*EXERCISE DESCRIPTION*: In the records below, repeat word for word only the lines starting at the one that contains "Immagine di una" and ending at the one that contains "Calista is registered", pictures excluded.

*SUPPLIED MATERIAL*:

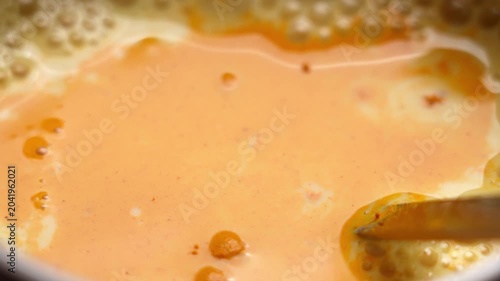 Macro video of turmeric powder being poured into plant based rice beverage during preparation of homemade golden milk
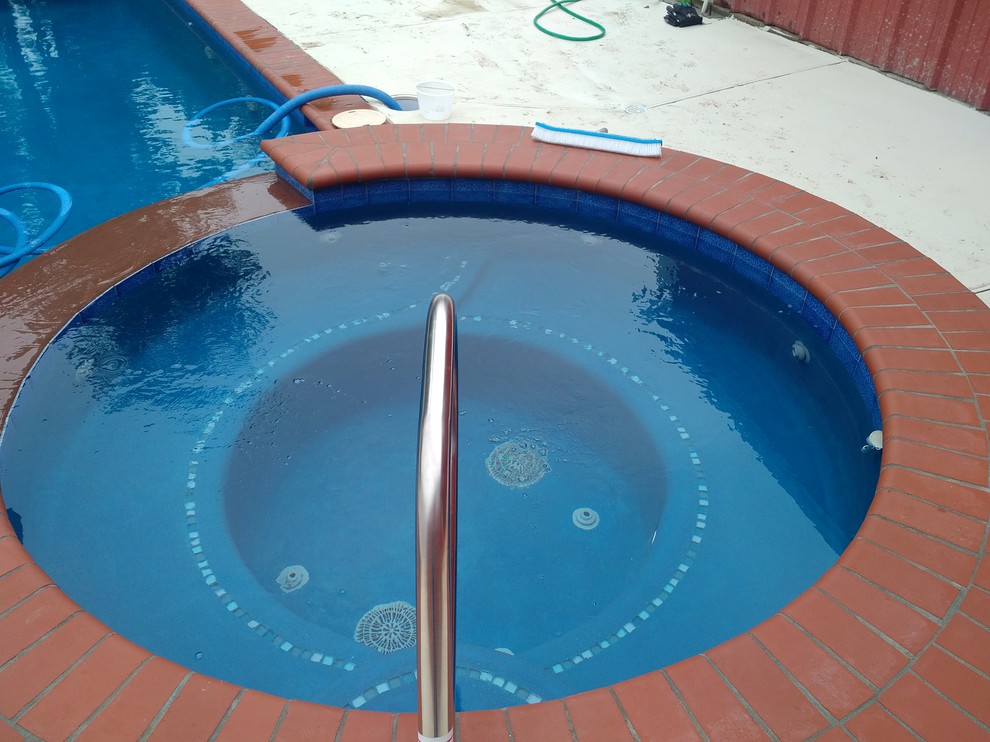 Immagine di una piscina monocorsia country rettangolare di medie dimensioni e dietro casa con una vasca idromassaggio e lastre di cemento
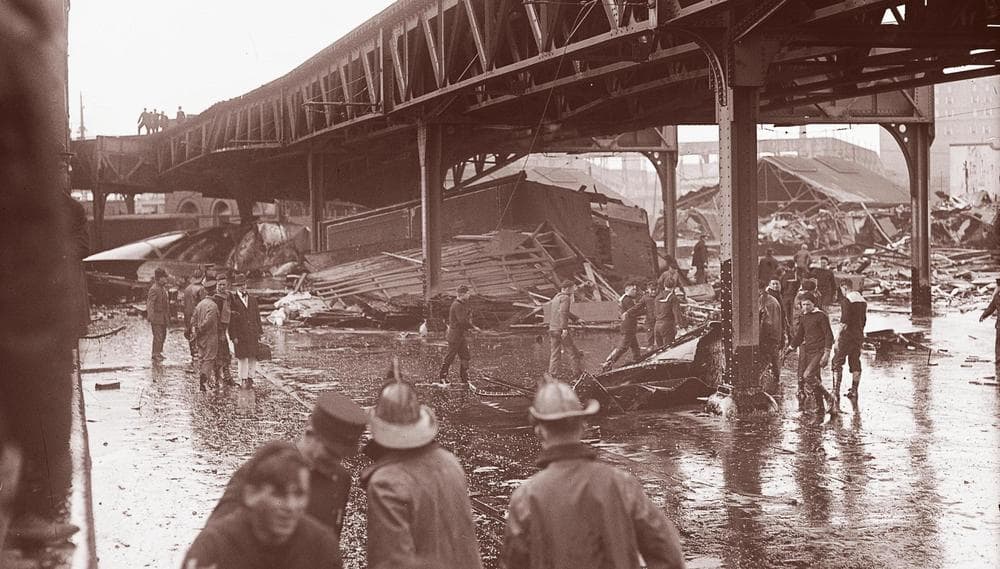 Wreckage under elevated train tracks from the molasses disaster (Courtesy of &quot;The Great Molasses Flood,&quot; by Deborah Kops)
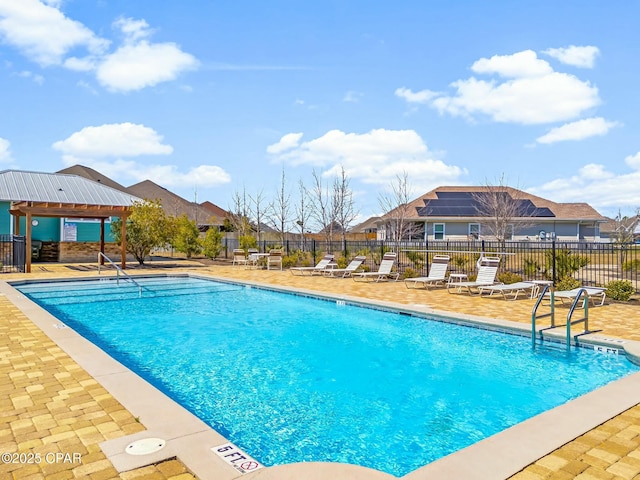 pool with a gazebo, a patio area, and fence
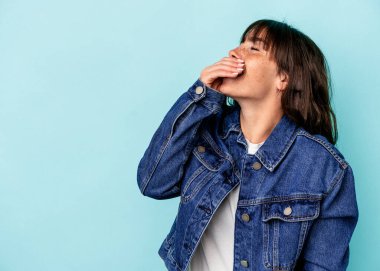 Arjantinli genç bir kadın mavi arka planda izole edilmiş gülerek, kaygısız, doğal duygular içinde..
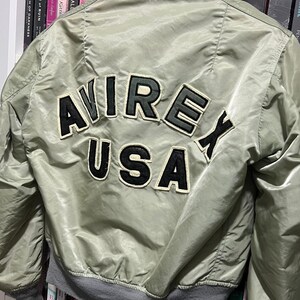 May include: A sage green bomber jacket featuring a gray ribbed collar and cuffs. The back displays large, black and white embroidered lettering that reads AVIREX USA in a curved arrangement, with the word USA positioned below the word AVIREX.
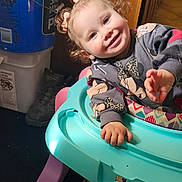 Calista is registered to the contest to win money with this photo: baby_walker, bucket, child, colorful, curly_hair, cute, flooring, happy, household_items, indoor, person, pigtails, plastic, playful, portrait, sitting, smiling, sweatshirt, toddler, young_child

...

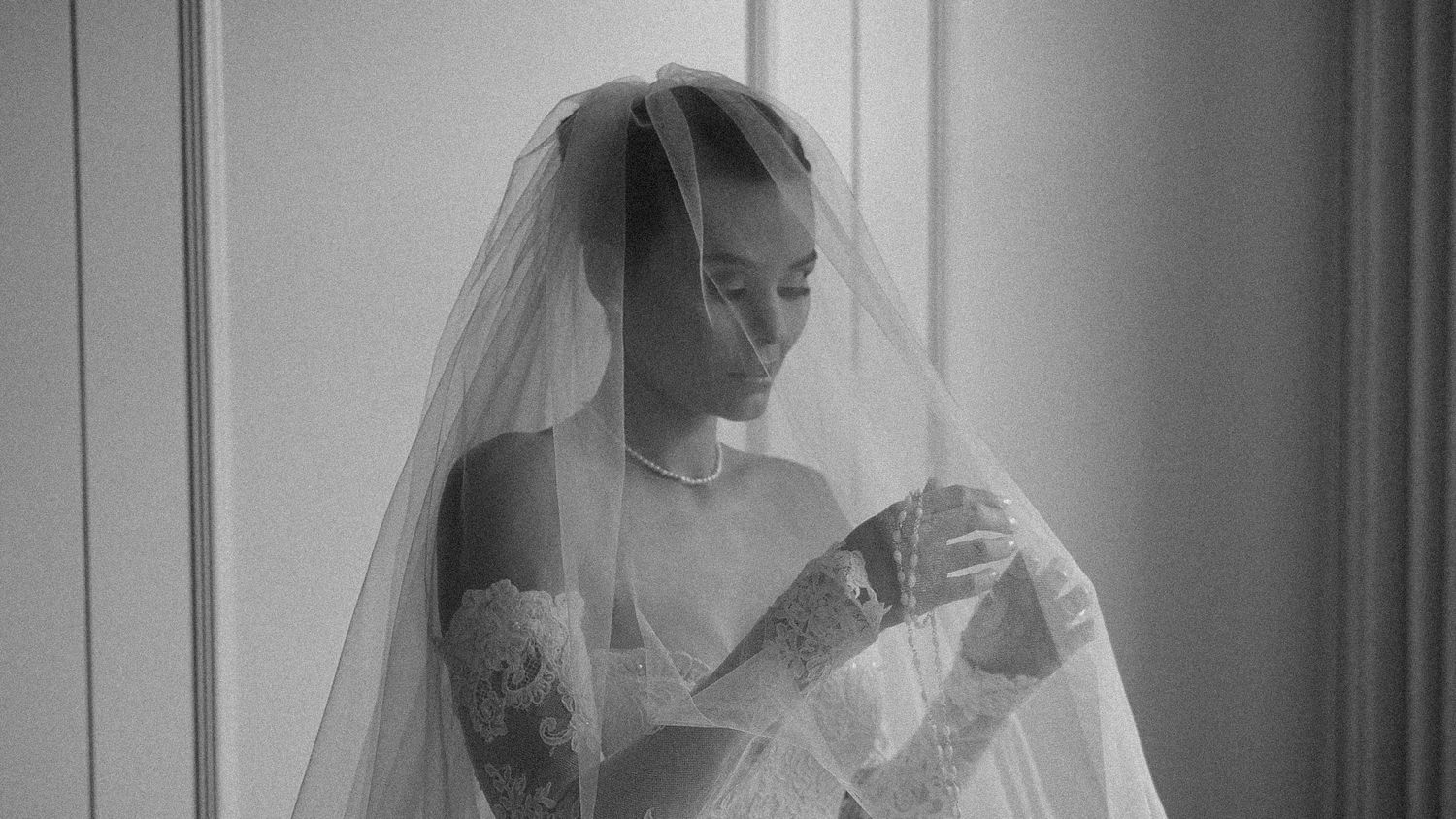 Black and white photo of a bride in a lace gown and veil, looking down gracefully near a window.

*OUTPUT OF THE TASK*:
 Immagine di una piscina monocorsia country rettangolare di medie dimensioni e dietro casa con una vasca idromassaggio e lastre di cemento
 Wreckage under elevated train tracks from the molasses disaster (Courtesy of &quot;The Great Molasses Flood,&quot; by Deborah Kops)
 pool with a gazebo, a patio area, and fence
 Arjantinli genç bir kadın mavi arka planda izole edilmiş gülerek, kaygısız, doğal duygular içinde..
 May include: A sage green bomber jacket featuring a gray ribbed collar and cuffs. The back displays large, black and white embroidered lettering that reads AVIREX USA in a curved arrangement, with the word USA positioned below the word AVIREX.
 Calista is registered to the contest to win money with this photo: baby_walker, bucket, child, colorful, curly_hair, cute, flooring, happy, household_items, indoor, person, pigtails, plastic, playful, portrait, sitting, smiling, sweatshirt, toddler, young_child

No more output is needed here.